Mexican-American Studies professor Carlos Rovelo shows a corn tamale during his presentation.

Mexican-American Studies professor Carlos Rovelo shows a corn tamale during his presentation.

When talking about the historical importance of corn, Rovelo focused on how cultures such as the Mayans and the Aztecs, revolved around the growing and consumption of corn. That lead to the creation of commonly known food items such as tortillas, atole (a corn dough based drink) and tamales. Additionally, he talked about the various ways corn is harvested in certain regions of Latin America. He discussed the milpa rotation system used by farmers for self-consumption growth and how it contrasts with the American method that focuses on mass production and market distribution. 

Most importantly, Rovelo explained corn’s relationship to Mesoamerican religions in which the gods used the crop to symbolize of the cycle of life.
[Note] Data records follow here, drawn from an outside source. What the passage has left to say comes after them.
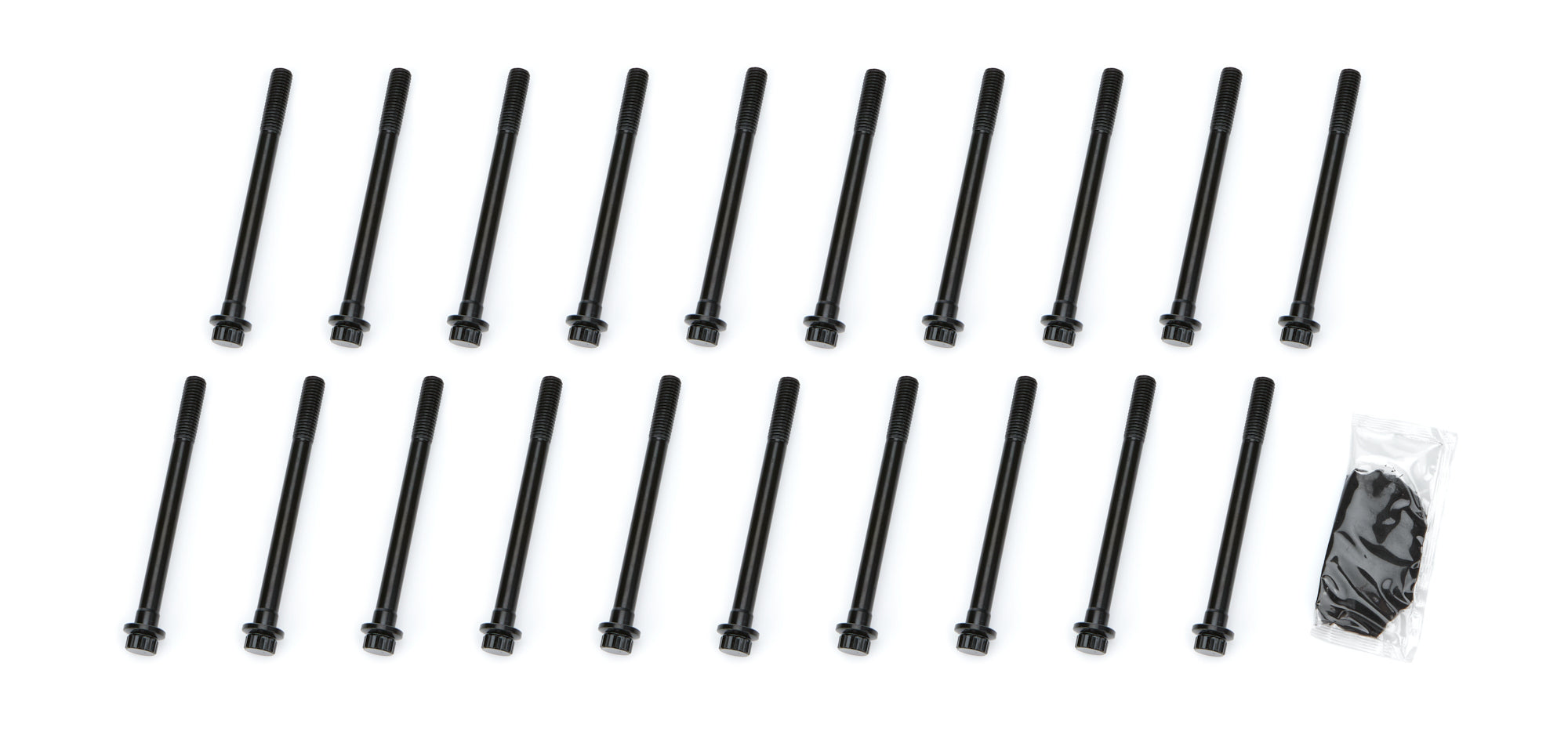 PRW Industries 1034607 Cylinder Head Bolt Kit for Chevy LT1 and LS9 6.2L Engines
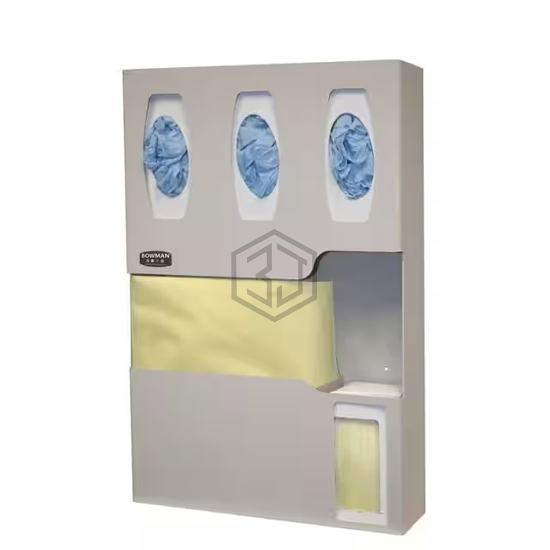 LD-007 - Bowman Dispensers - Personal Protective Equipment (PPE)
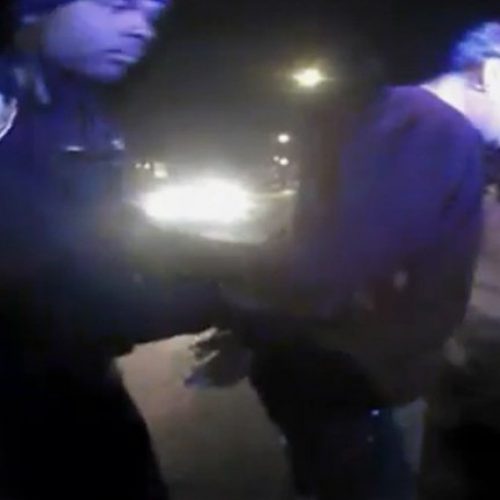 WATCH: Body Cam Video Shows Connecticut Police Had No Reason to Arrest Man For Impersonating a Cop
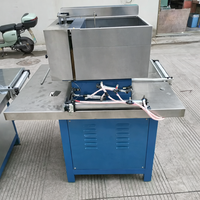 Machine de moulage par centrifugation entièrement automatique pour alliage de plomb, machine de moulage de plomb pour leurres de pêche multi-sections à nœuds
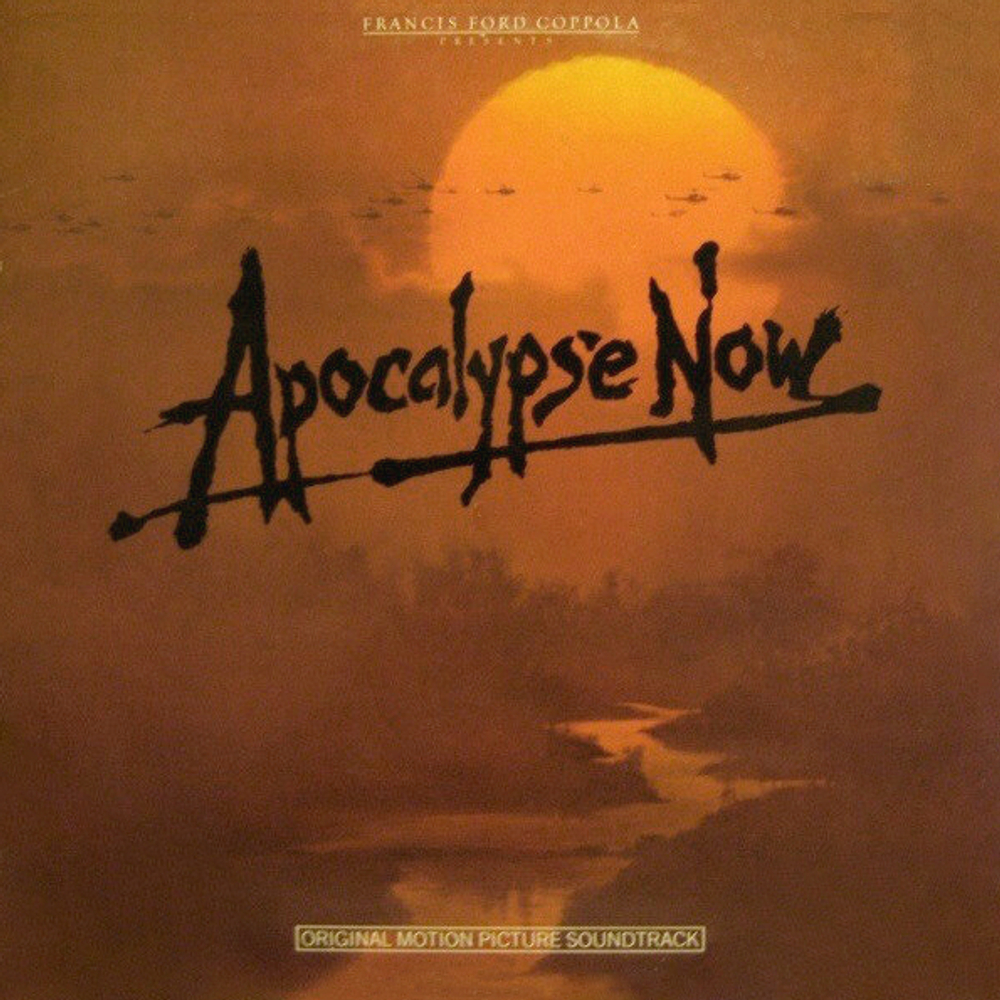 Soundtrack / Apocalypse Now (CD)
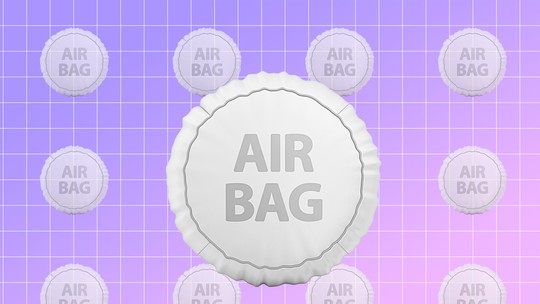 O Airbag, quem diria, foi criado na década de 1950, mas só ganhou escala 30 anos depois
Each culture represented the corn in their architecture, art and stories like the Mayan scripture, the Popol Vuh, which tells the story about how humanity originated from a grain of corn.

“As I started doing the research, I realized this was a very big subject,” Rovelo said. “That is not just artistically, but it is also philosophically, [theologically] and obviously about humanity.”   

Rovelo was keen on identity and cultural origin during his presentation. When talking about how corn represents the identity of what it means to be Hispanic, he chose works of art from artists like Diego Rivera whose work is inspired by Mexican culture. Rivera painted his famous public murals that are scattered throughout Mexico City. His work reflects his personal interpretation of what it means to be Mexican. One painting, which Rovelo showed, was “La Molinera” in which Rivera painted a native woman preparing tortillas as she grinds corn and makes it into dough. The painting demonstrated a traditional aesthetic of Mexican culture from her traditional attire to the way she prepared the tortillas.

“People need to know where they come from,” Rovelo said. “We need to know where everything began in our own culture. My own culture didn’t start in Europe. It started with the [native] Indians of Mesoamerica.”